What you need to do: In the data below, find the line with "KIMLUD, New Autumn" and the line with "Kokkari Waterfront, Samos, Aegean", then restate both and every line between them exactly, minus the pictures.

Material supplied:
____________
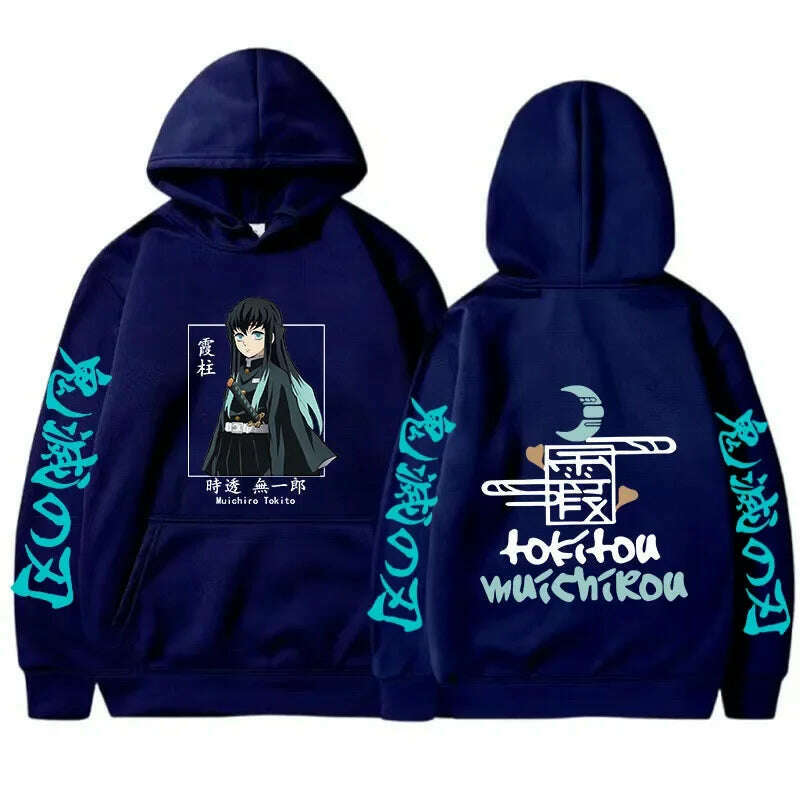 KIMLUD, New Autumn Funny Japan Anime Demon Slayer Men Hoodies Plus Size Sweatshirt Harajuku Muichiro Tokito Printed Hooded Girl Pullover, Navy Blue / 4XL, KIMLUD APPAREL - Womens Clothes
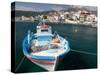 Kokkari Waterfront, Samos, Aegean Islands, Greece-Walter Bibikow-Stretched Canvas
____________
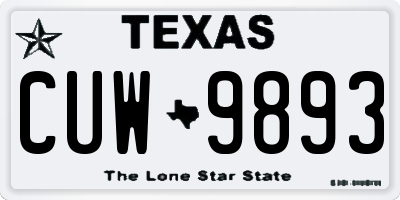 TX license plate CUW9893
____________
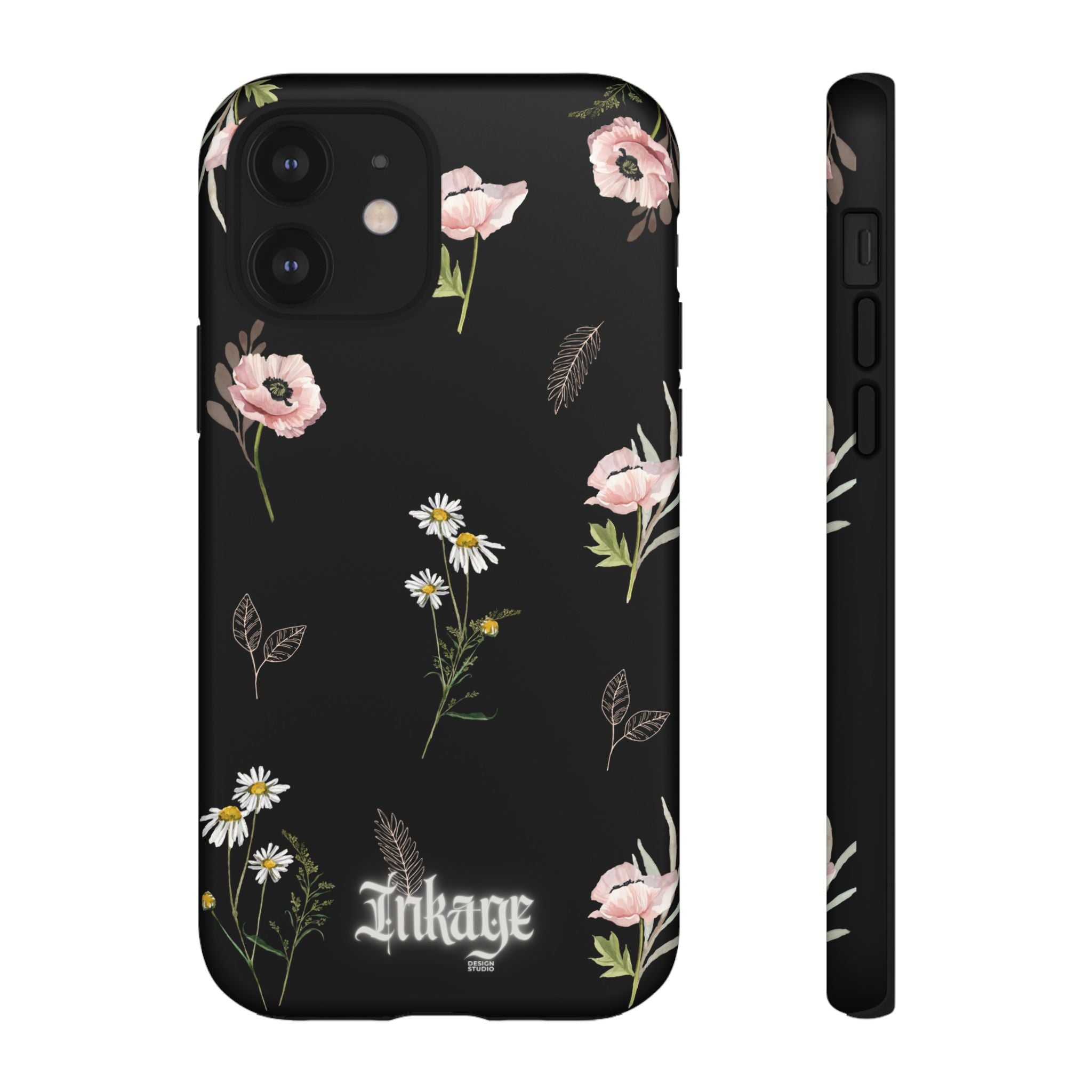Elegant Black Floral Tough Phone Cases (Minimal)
____________
Solution:
 KIMLUD, New Autumn Funny Japan Anime Demon Slayer Men Hoodies Plus Size Sweatshirt Harajuku Muichiro Tokito Printed Hooded Girl Pullover, Navy Blue / 4XL, KIMLUD APPAREL - Womens Clothes
 Kokkari Waterfront, Samos, Aegean Islands, Greece-Walter Bibikow-Stretched Canvas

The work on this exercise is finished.